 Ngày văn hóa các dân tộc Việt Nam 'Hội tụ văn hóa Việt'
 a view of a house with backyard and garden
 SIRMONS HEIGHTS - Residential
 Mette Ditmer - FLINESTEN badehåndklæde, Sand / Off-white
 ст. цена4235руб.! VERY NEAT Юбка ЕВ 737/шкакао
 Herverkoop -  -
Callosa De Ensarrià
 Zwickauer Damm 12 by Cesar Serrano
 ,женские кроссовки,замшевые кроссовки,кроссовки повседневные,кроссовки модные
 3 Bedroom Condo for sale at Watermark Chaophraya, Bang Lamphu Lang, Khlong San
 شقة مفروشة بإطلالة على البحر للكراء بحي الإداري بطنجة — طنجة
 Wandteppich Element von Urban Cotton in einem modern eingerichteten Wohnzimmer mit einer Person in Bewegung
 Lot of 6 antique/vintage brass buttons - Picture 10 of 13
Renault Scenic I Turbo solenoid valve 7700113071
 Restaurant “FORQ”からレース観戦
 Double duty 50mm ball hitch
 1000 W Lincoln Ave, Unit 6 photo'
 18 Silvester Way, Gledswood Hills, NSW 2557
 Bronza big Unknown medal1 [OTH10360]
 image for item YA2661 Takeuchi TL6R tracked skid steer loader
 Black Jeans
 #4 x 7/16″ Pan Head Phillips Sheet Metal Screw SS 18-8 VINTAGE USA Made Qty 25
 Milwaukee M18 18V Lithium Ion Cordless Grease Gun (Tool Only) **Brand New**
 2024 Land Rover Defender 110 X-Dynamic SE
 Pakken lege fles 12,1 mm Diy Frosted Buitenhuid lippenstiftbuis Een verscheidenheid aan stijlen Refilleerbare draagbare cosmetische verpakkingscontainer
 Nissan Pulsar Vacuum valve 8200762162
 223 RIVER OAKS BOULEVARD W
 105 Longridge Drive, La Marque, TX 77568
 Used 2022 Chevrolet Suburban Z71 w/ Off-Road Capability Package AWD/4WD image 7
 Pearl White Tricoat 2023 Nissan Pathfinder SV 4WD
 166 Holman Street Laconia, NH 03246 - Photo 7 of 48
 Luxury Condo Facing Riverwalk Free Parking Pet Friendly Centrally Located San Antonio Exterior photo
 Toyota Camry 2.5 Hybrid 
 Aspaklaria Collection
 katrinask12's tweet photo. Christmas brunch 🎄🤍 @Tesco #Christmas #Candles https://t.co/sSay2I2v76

■ **Activity**:
Your output should start at the line containing "18 Silvester Way, Gledswood Hills, NSW 2557" and stop at the last line of the material, copied exactly, with nothing else.

■ **Solution to the problem**:
 18 Silvester Way, Gledswood Hills, NSW 2557
 Bronza big Unknown medal1 [OTH10360]
 image for item YA2661 Takeuchi TL6R tracked skid steer loader
 Black Jeans
 #4 x 7/16″ Pan Head Phillips Sheet Metal Screw SS 18-8 VINTAGE USA Made Qty 25
 Milwaukee M18 18V Lithium Ion Cordless Grease Gun (Tool Only) **Brand New**
 2024 Land Rover Defender 110 X-Dynamic SE
 Pakken lege fles 12,1 mm Diy Frosted Buitenhuid lippenstiftbuis Een verscheidenheid aan stijlen Refilleerbare draagbare cosmetische verpakkingscontainer
 Nissan Pulsar Vacuum valve 8200762162
 223 RIVER OAKS BOULEVARD W
 105 Longridge Drive, La Marque, TX 77568
 Used 2022 Chevrolet Suburban Z71 w/ Off-Road Capability Package AWD/4WD image 7
 Pearl White Tricoat 2023 Nissan Pathfinder SV 4WD
 166 Holman Street Laconia, NH 03246 - Photo 7 of 48
 Luxury Condo Facing Riverwalk Free Parking Pet Friendly Centrally Located San Antonio Exterior photo
 Toyota Camry 2.5 Hybrid 
 Aspaklaria Collection
 katrinask12's tweet photo. Christmas brunch 🎄🤍 @Tesco #Christmas #Candles https://t.co/sSay2I2v76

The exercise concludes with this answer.